Added important tips for using TabPFN effectively, including batch prediction mode, data preprocessing advice, GPU usage, and dataset size limitations.
---
 README.md | 7 +++++++
 1 file changed, 7 insertions(+)

diff --git a/README.md b/README.md
index cb8413d65..f973a50ce 100644
--- a/README.md
+++ b/README.md
@@ -97,6 +97,13 @@ print("Mean Squared Error (MSE):", mse)
 print("R² Score:", r2)
 ```
 
+### Important Tips
+
+Always use TabPFN in batch prediction mode - each predict call requires the training set to be recomputed so calling predict on 100 samples separately is almost 100 times slower and ore expensive than a single call.
+Do not apply data scaling or one-hot encoding when feeding data to the model.
+Make sure a GPU is available - on CPU TabPFN is slow to execute.
+Dataset size is limited - TabPFN works best on datasets with less than 10,000 samples and 500 features. If they are larger we recommend looking at the [Large datasets guide](https://github.com/PriorLabs/tabpfn-extensions/blob/main/examples/large_datasets/large_datasets_example.py).
+
 ### Best Results
 
 For optimal performance, use the `AutoTabPFNClassifier` or `AutoTabPFNRegressor` for post-hoc ensembling. These can be found in the [TabPFN Extensions](https://github.com/PriorLabs/tabpfn-extensions) repository. Post-hoc ensembling combines multiple TabPFN models into an ensemble.

From 09a963b2189afeea40fde8ddc2afabd0465783da Mon Sep 17 00:00:00 2001
From: Noah Hollmann <noah@priorlabs.ai>
Date: Mon, 3 Nov 2025 12:35:42 +0100
Subject: [PATCH 2/4] Update README.md

---
 README.md | 2 +-
 1 file changed, 1 insertion(+), 1 deletion(-)

diff --git a/README.md b/README.md
index f973a50ce..1e101acc9 100644
--- a/README.md
+++ b/README.md
@@ -97,7 +97,7 @@ print("Mean Squared Error (MSE):", mse)
 print("R² Score:", r2)
 ```
 
-### Important Tips
+### Usage Tips
 
 Always use TabPFN in batch prediction mode - each predict call requires the training set to be recomputed so calling predict on 100 samples separately is almost 100 times slower and ore expensive than a single call.
 Do not apply data scaling or one-hot encoding when feeding data to the model.

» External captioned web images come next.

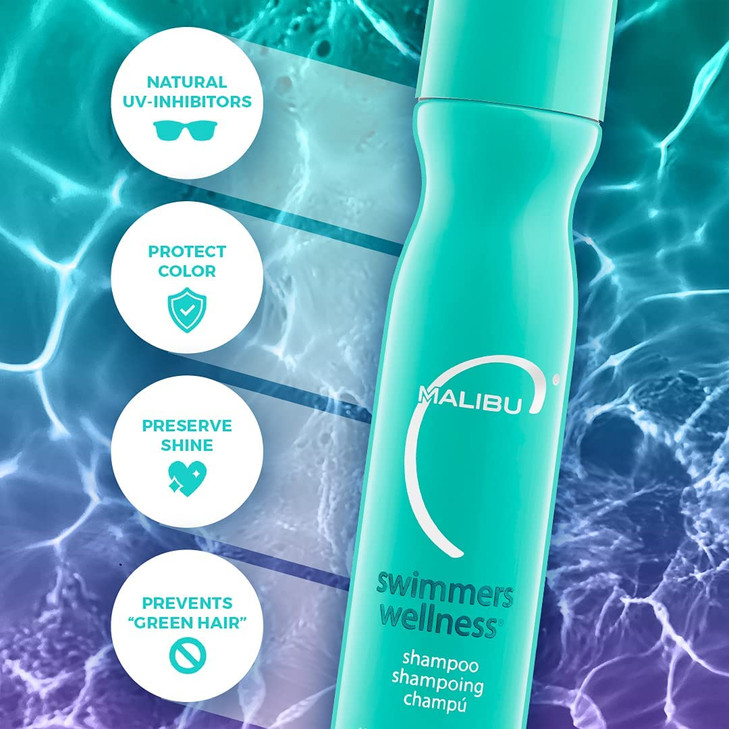 Malibu C Swimmers Wellness Clarifying Shampoo for Chlorine Hair Build Up Adults Kids Swim Shampoo to Help Protect Agains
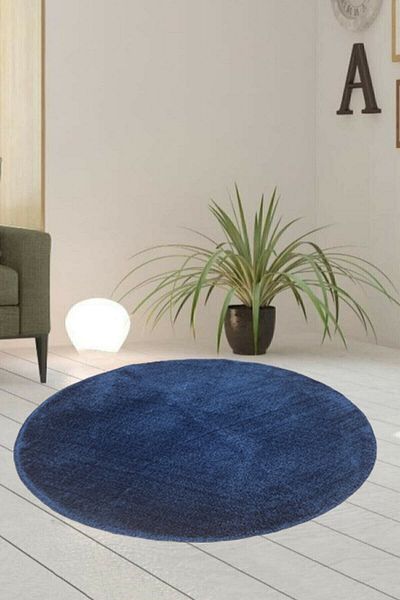 Sarar Single Round Post Plush Bathroom Rust Mat Gel Non-Slip Base Petrol Blue 100x100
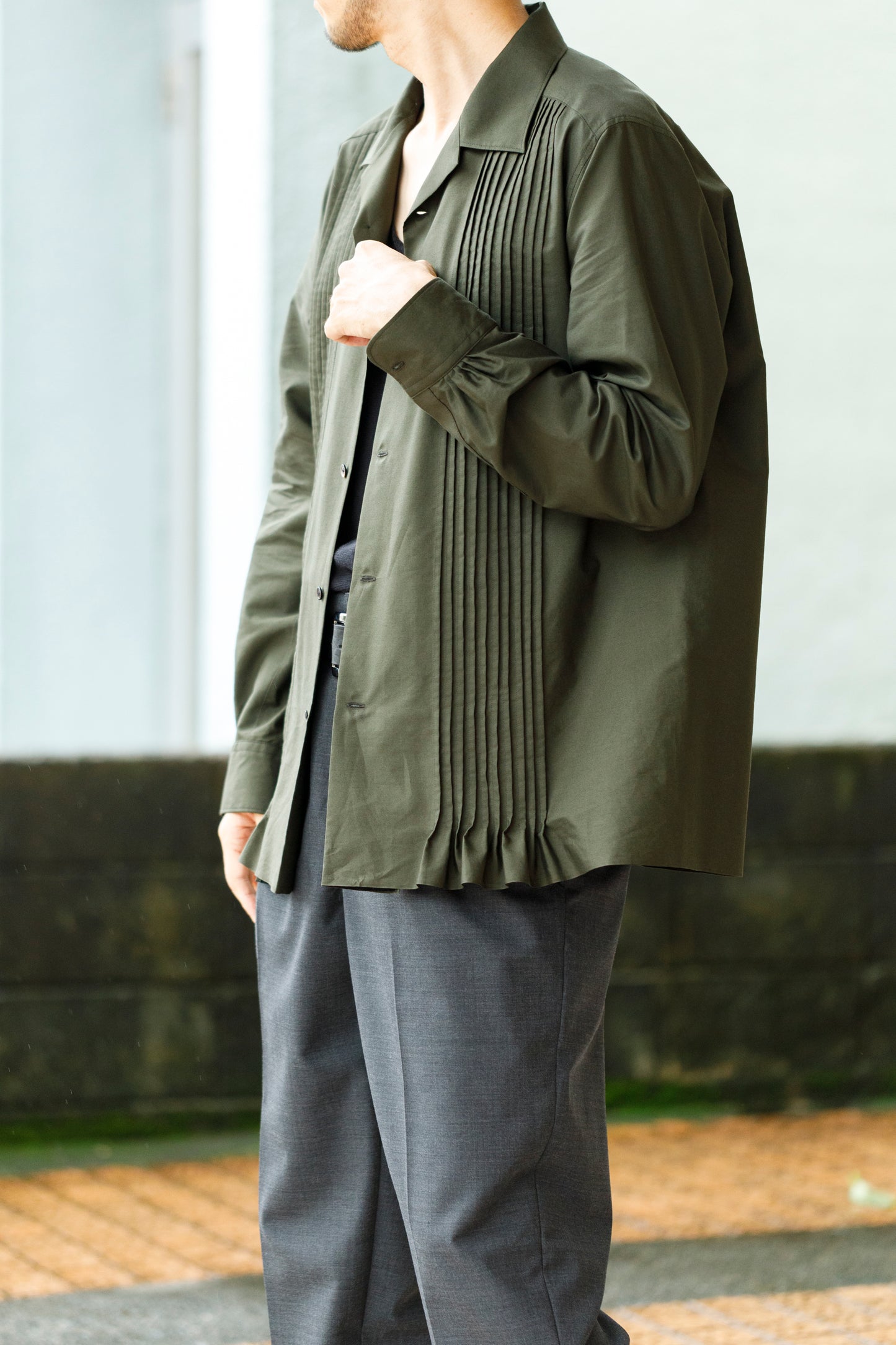 KIMURA /  Tuck Cuba Shirt(L/S) - DGR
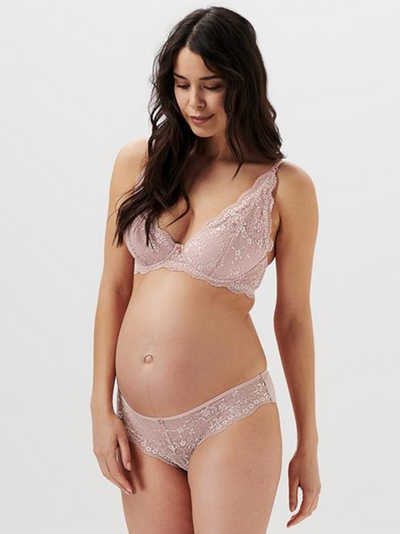 Slip brésilien en dentelle Fauve Mauve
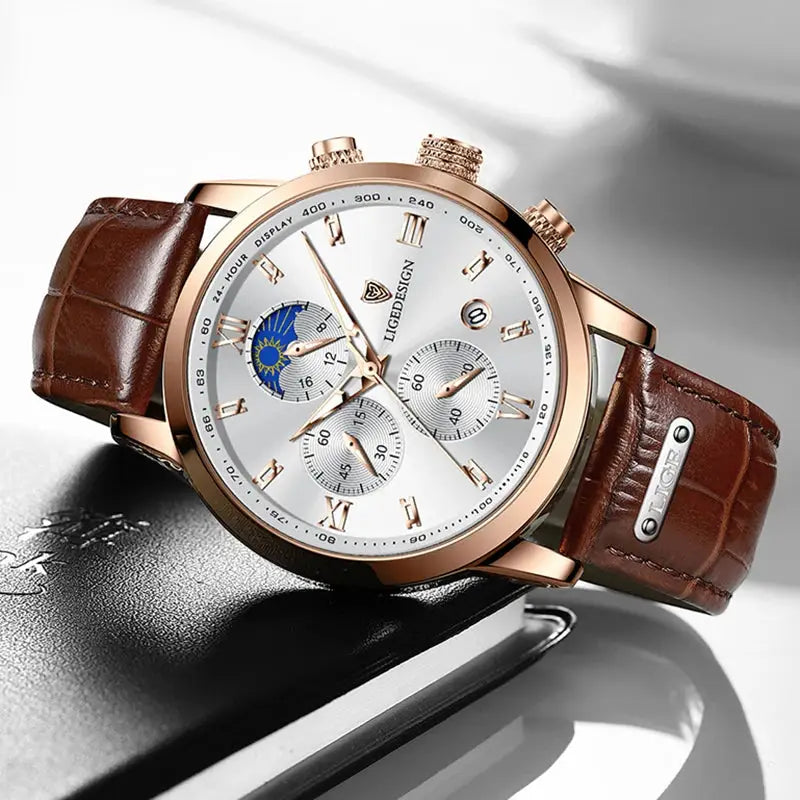 Men’s quartz wristwatch with leather strap, waterproof chronograph, 24-hour moon phase function and casual sports design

From bccaedc9bb706cefcc9da1826ae9741ff84df1b4 Mon Sep 17 00:00:00 2001
From: Noah Hollmann <noah@priorlabs.ai>
Date: Mon, 3 Nov 2025 12:36:42 +0100
Subject: [PATCH 3/4] Update usage tips for TabPFN performance

Added a recommendation to split large test sets into chunks of 1000 samples for better performance.
---
 README.md | 2 +-
 1 file changed, 1 insertion(+), 1 deletion(-)

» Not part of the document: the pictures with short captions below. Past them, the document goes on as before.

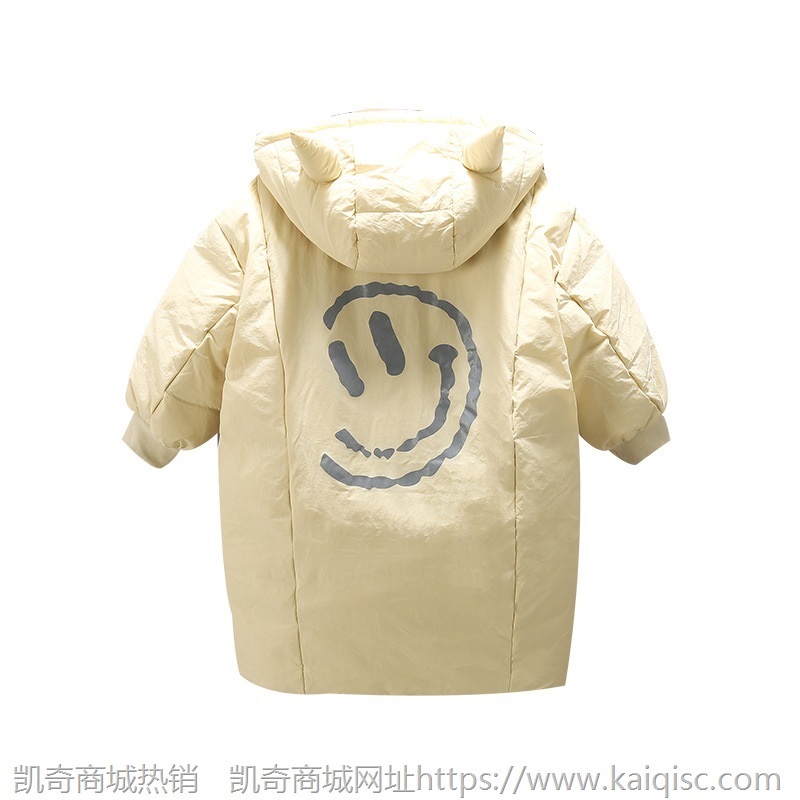 童装男童长款羽绒服2021韩版新款中小童三防儿童冬装小熊黑色外套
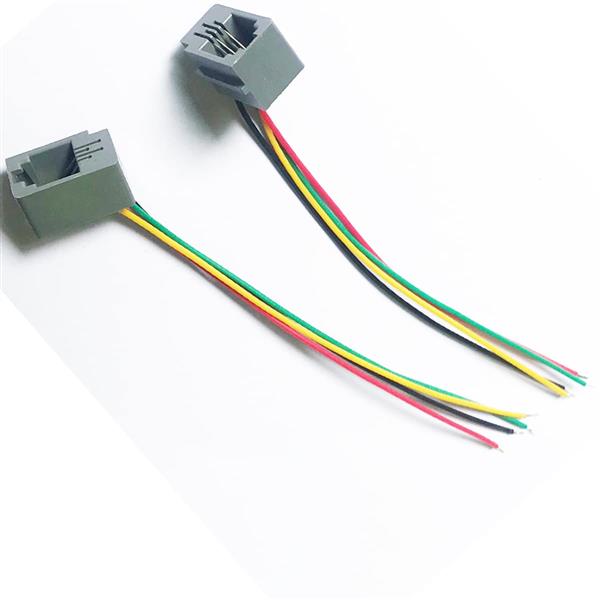 Jack modular PCI 4P4C com fios 90º 42.00.0289 JACK MODULAR PCI 4P4C - C/  FI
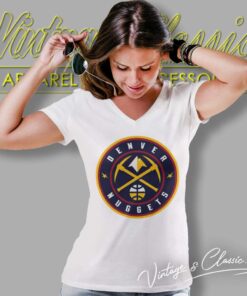 Nba Denver Nuggets Logo Circle Graphic V Neck TShirt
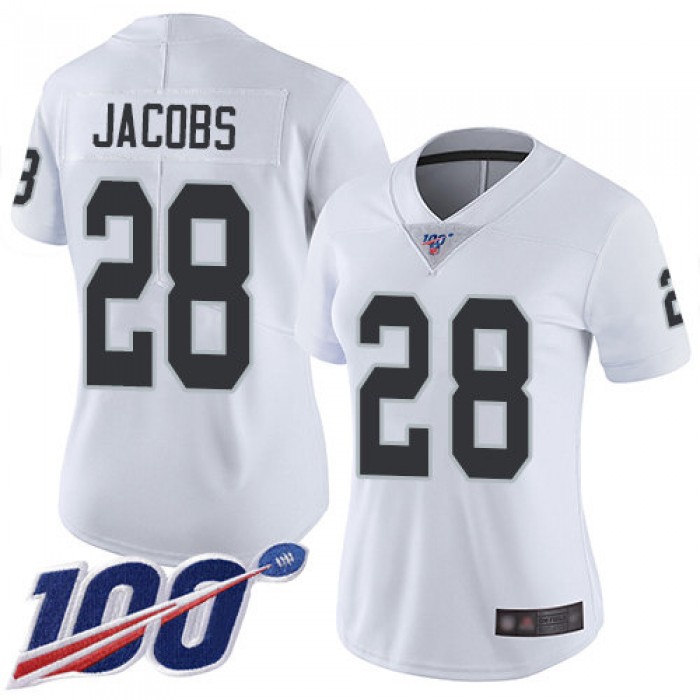 Nike Raiders #28 Josh Jacobs White Women's Stitched NFL 100th Season Vapor Limited Jersey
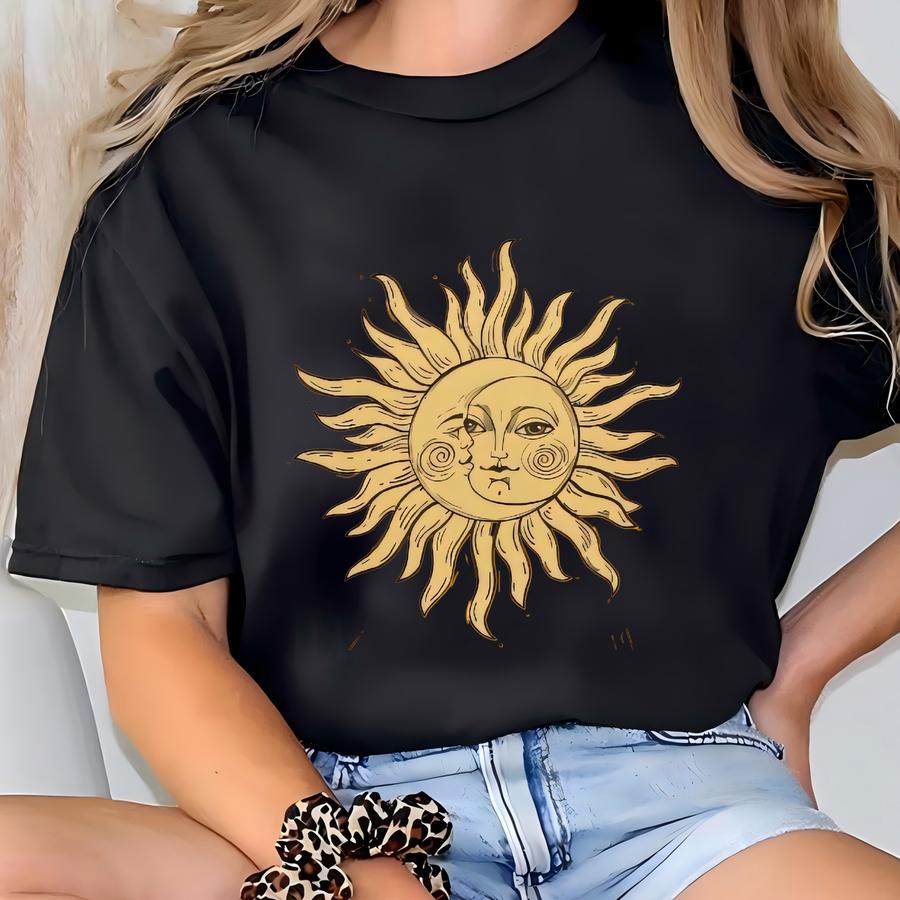 Boho Spiritual Sunshine Graphic Tee - Sun And Moon Hoodie, Trust The Timing Shirt T-shirt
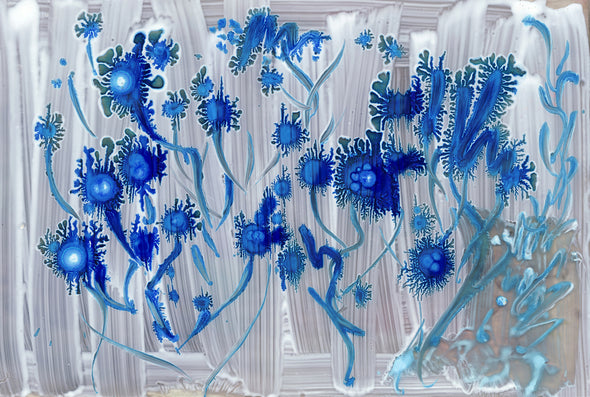 Blue Flower Trees Painting Print 100% Australian Made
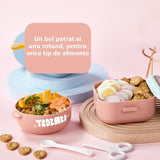 Caserola pentru copii Vivimall, lunch box, 750 ml, doua boluri, lingura, foarfeca din plastic, rezistenta la scurgeri, Roz - vivimall.ro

diff --git a/README.md b/README.md
index 1e101acc9..f393dcdef 100644
--- a/README.md
+++ b/README.md
@@ -99,7 +99,7 @@ print("R² Score:", r2)
 
 ### Usage Tips
 
-Always use TabPFN in batch prediction mode - each predict call requires the training set to be recomputed so calling predict on 100 samples separately is almost 100 times slower and ore expensive than a single call.
+Always use TabPFN in batch prediction mode - each predict call requires the training set to be recomputed so calling predict on 100 samples separately is almost 100 times slower and ore expensive than a single call. If the test set is very large split it into chunks of 1000 samples each.
 Do not apply data scaling or one-hot encoding when feeding data to the model.
 Make sure a GPU is available - on CPU TabPFN is slow to execute.
 Dataset size is limited - TabPFN works best on datasets with less than 10,000 samples and 500 features. If they are larger we recommend looking at the [Large datasets guide](https://github.com/PriorLabs/tabpfn-extensions/blob/main/examples/large_datasets/large_datasets_example.py).

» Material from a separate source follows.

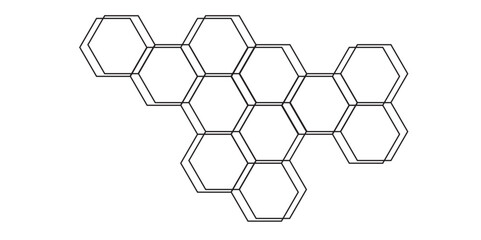 Geometric Hexagonal Pattern Design. Modern Honeycomb Structure Illustration. Tessellated Hexagonal Shape Concept and Futuristic Honeycomb Geometry. Abstract Polygonal Network Design.
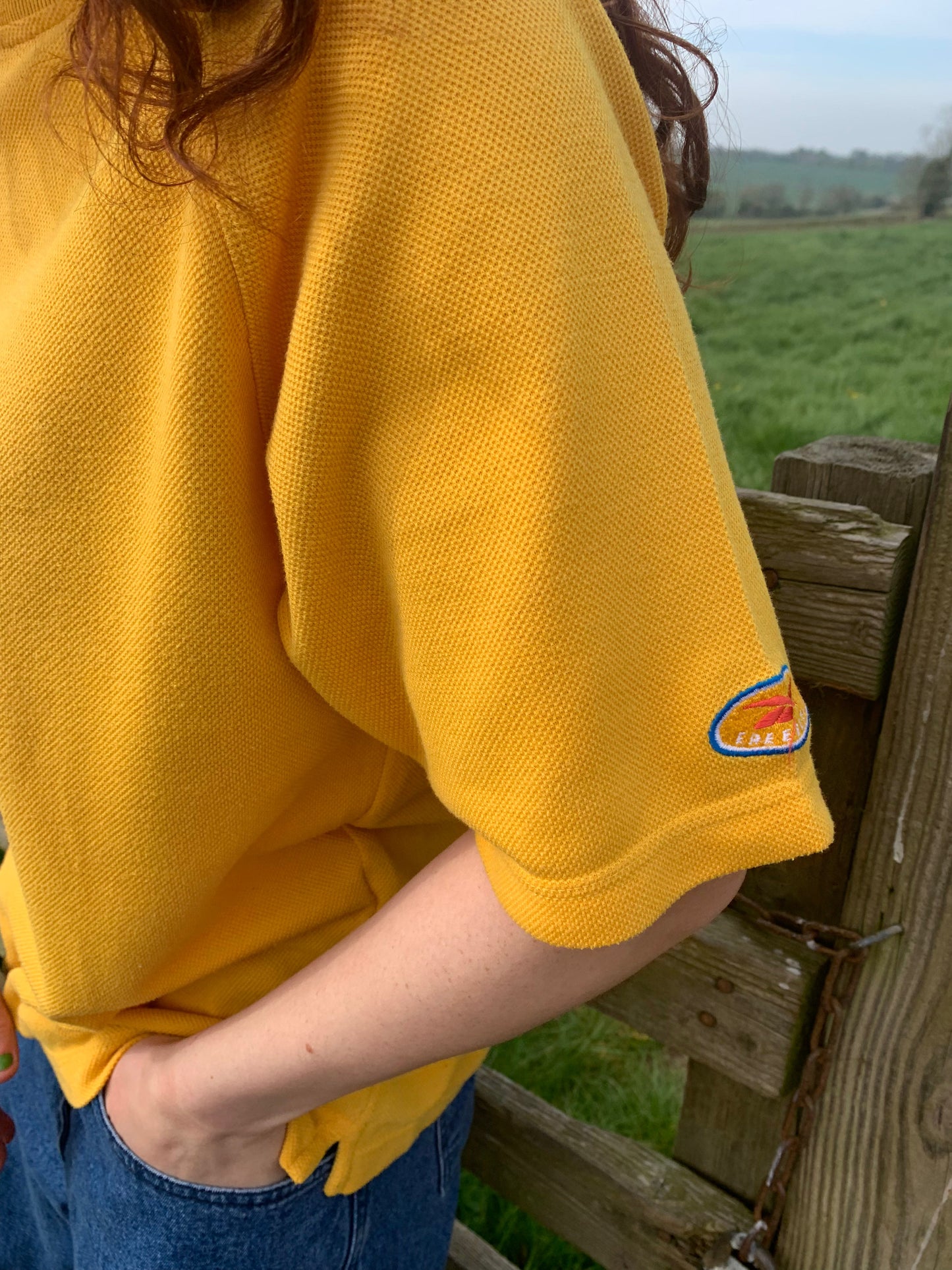 1990s Vintage Yellow Reebok T-Shirt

From f232e5ef1105c1496f0ca429ddaa238957cc352c Mon Sep 17 00:00:00 2001
From: Noah Hollmann <noah@priorlabs.ai>
Date: Mon, 3 Nov 2025 12:54:03 +0100
Subject: [PATCH 4/4] Update README.md

Co-authored-by: gemini-code-assist[bot] <176961590+gemini-code-assist[bot]@users.noreply.github.com>
---
 README.md | 8 ++++----
 1 file changed, 4 insertions(+), 4 deletions(-)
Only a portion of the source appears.